======== Supplied records

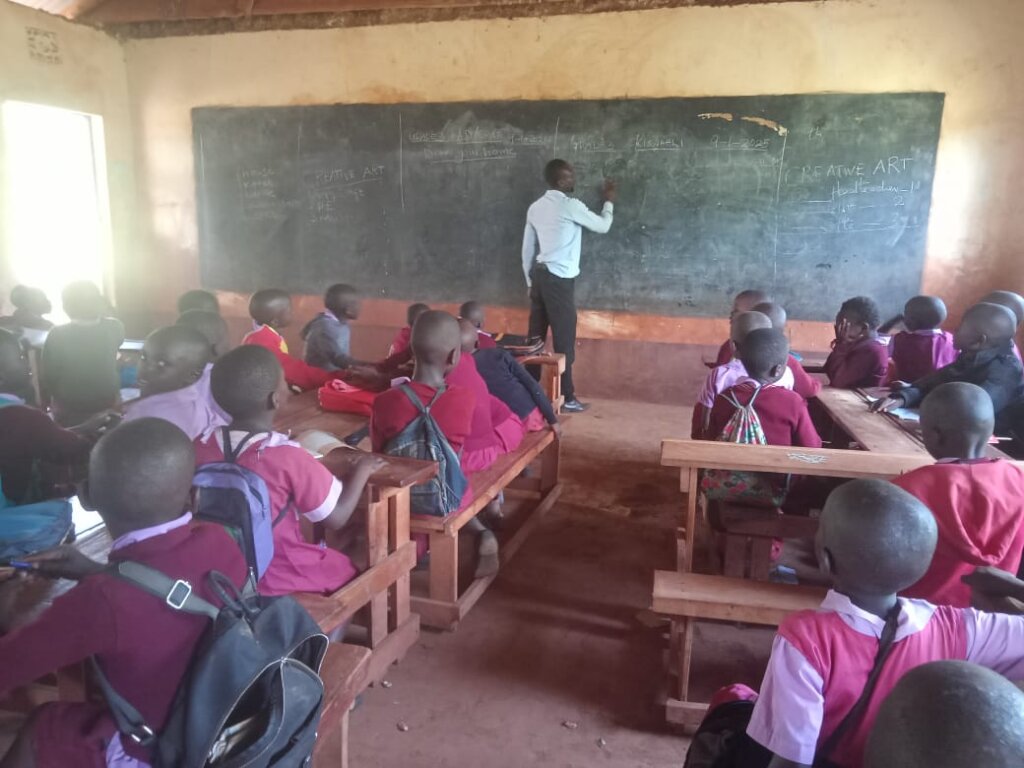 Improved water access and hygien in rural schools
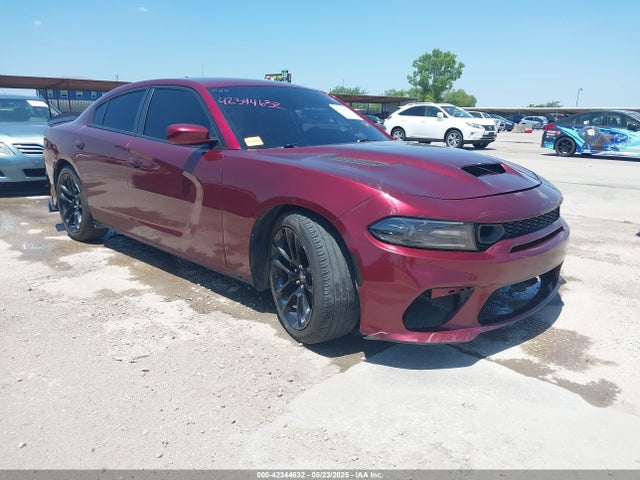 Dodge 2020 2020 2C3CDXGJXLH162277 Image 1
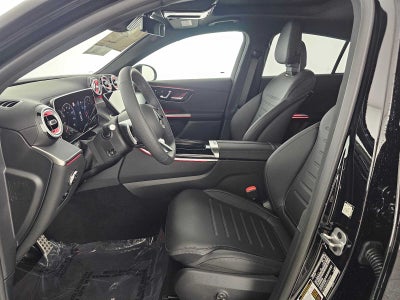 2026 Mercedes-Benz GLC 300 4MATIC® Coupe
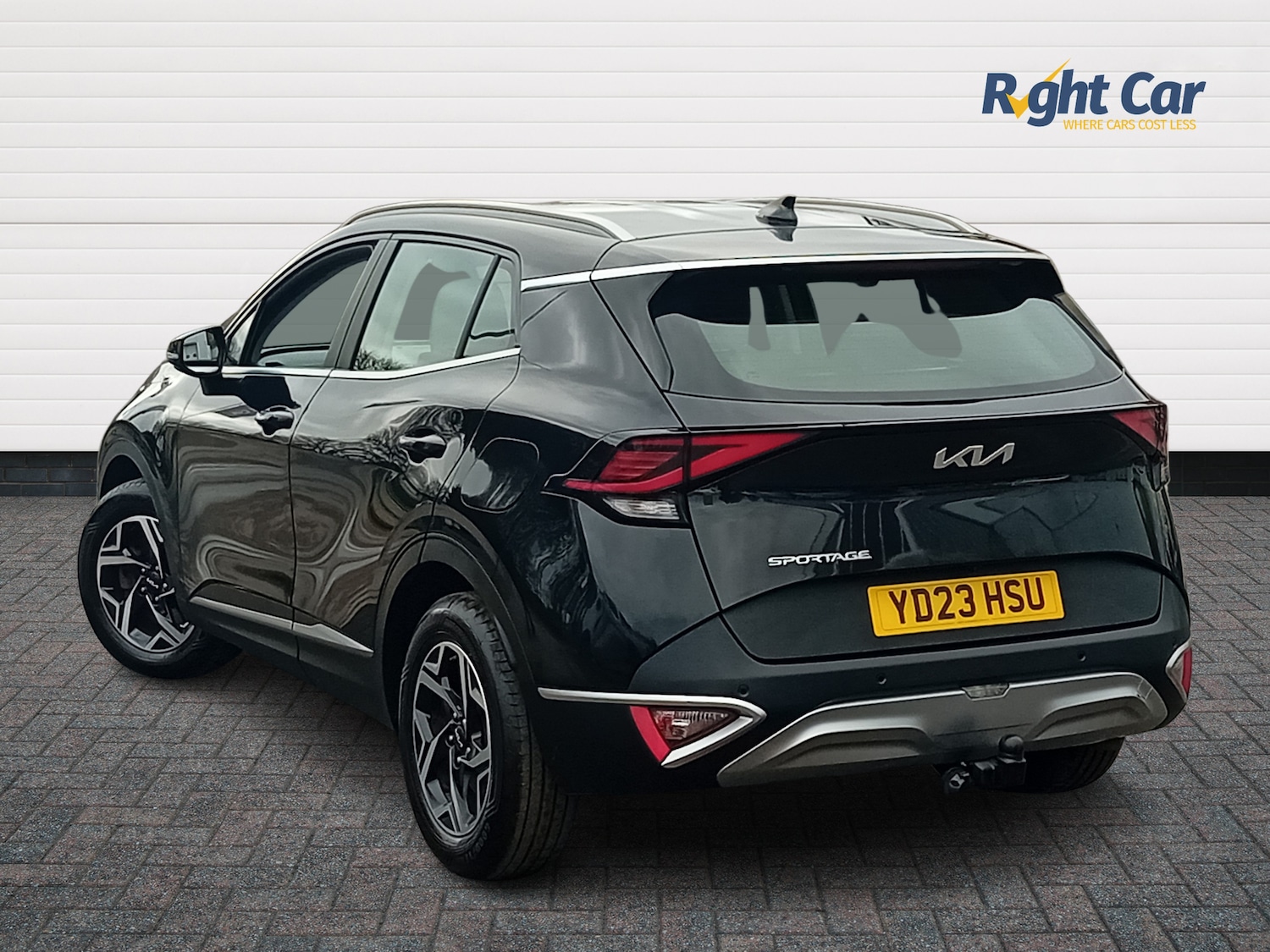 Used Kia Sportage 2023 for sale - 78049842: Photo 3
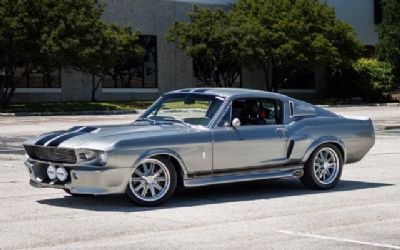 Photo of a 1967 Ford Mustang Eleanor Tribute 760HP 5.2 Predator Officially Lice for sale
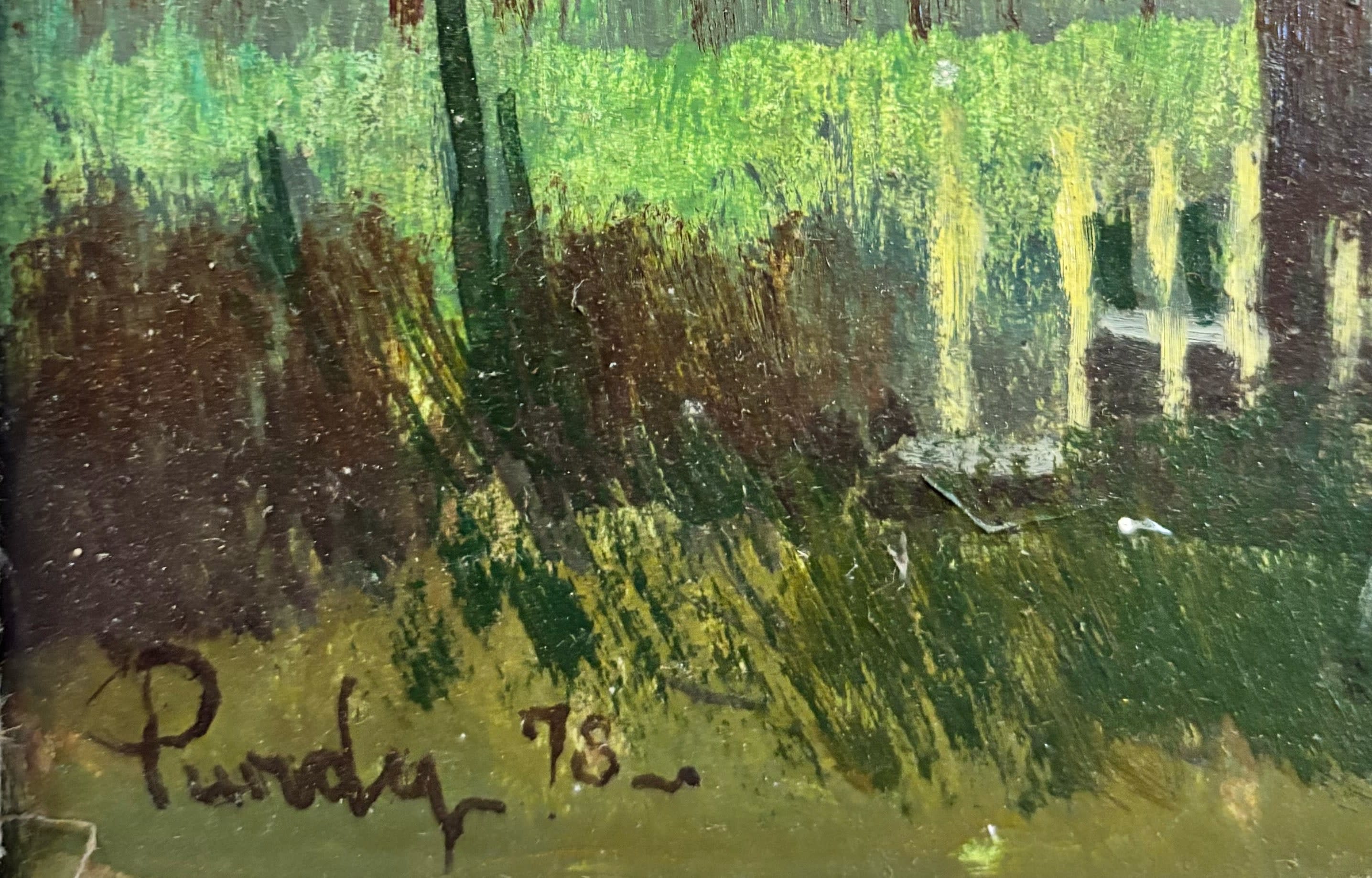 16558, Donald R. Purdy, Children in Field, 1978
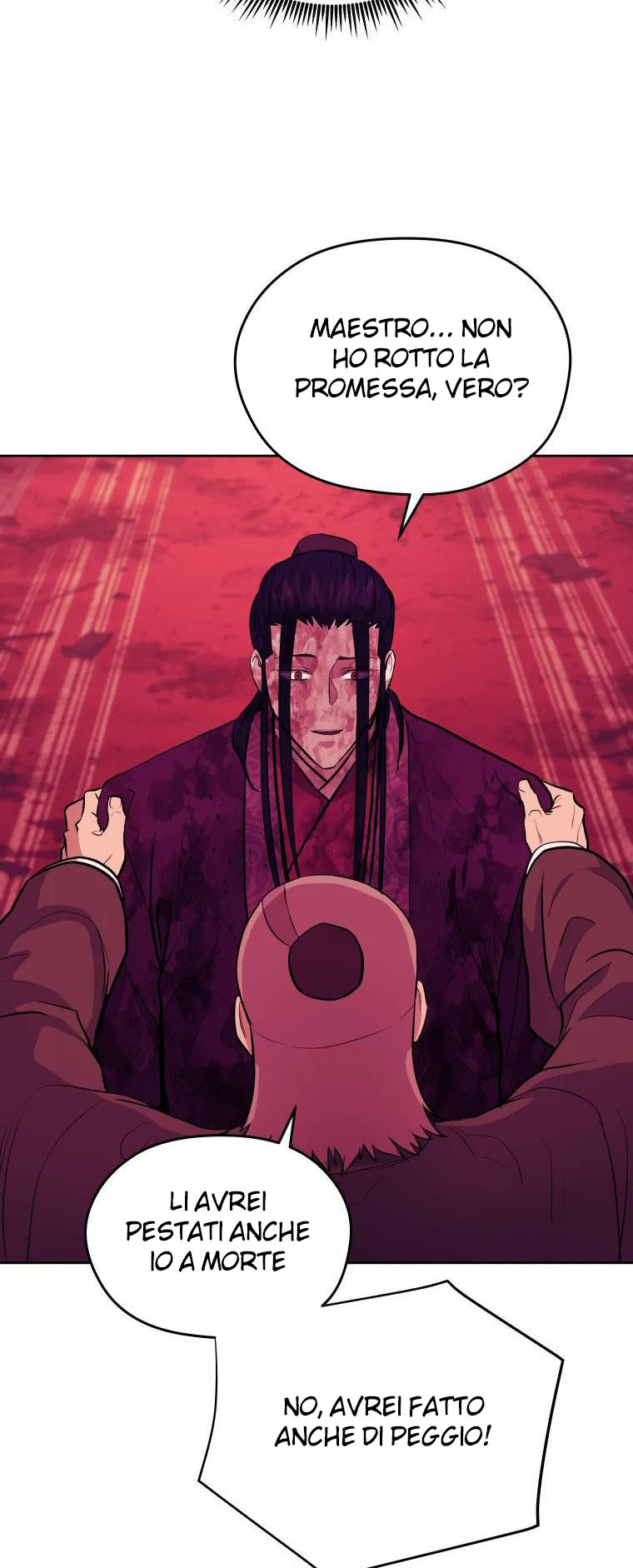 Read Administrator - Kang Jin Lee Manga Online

================

**Task to carry out**
Pictures aside, reproduce all of the data exactly.

**Answer space**
 Improved water access and hygien in rural schools
 Dodge 2020 2020 2C3CDXGJXLH162277 Image 1
 2026 Mercedes-Benz GLC 300 4MATIC® Coupe
 Used Kia Sportage 2023 for sale - 78049842: Photo 3
 Photo of a 1967 Ford Mustang Eleanor Tribute 760HP 5.2 Predator Officially Lice for sale
 16558, Donald R. Purdy, Children in Field, 1978
 Read Administrator - Kang Jin Lee Manga Online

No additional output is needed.